» Task inputs:

►

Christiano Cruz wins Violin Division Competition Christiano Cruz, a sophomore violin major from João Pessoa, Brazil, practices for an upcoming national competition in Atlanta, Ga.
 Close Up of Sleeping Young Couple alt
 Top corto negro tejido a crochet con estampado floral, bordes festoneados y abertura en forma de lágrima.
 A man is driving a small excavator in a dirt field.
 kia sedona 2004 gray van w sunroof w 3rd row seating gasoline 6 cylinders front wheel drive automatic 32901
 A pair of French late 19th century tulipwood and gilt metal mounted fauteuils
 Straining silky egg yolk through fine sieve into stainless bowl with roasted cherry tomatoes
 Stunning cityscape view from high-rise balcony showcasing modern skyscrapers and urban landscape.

◄
►

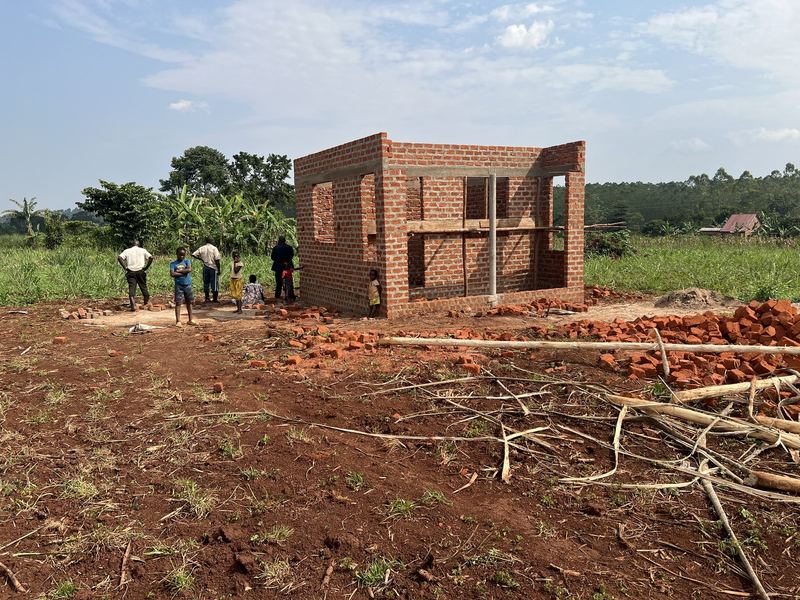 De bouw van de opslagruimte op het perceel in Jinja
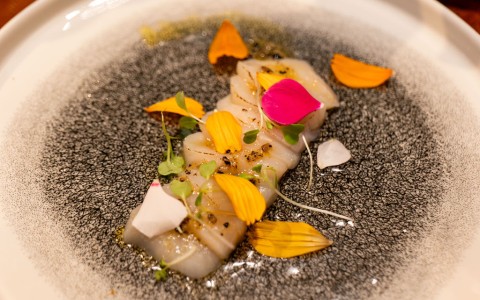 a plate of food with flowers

◄
►

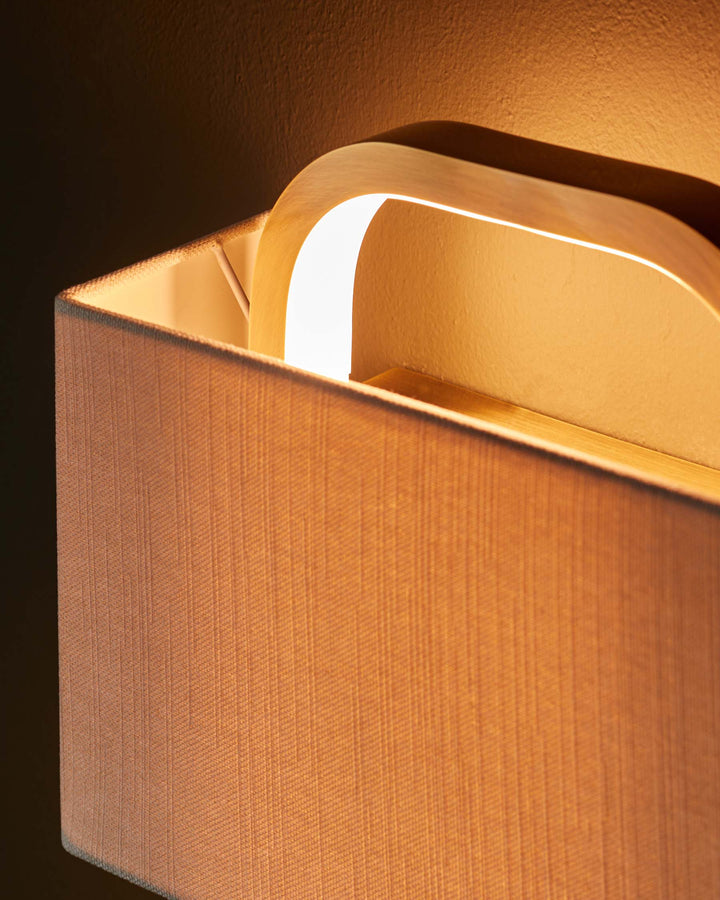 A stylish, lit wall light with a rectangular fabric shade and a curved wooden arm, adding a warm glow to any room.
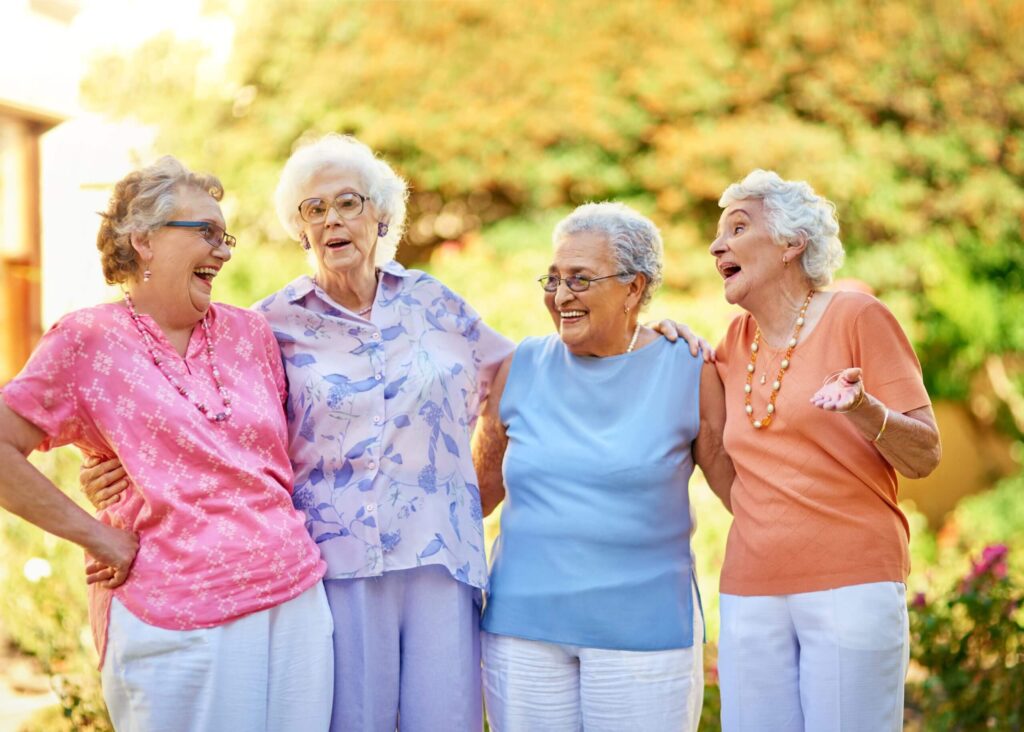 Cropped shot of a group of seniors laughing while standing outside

◄

» Work to be completed:
Using the records above, copy word for word the line with "A pair of French", the line with "Stunning cityscape view", and every line between them.

» Written answer:
 A pair of French late 19th century tulipwood and gilt metal mounted fauteuils
 Straining silky egg yolk through fine sieve into stainless bowl with roasted cherry tomatoes
 Stunning cityscape view from high-rise balcony showcasing modern skyscrapers and urban landscape.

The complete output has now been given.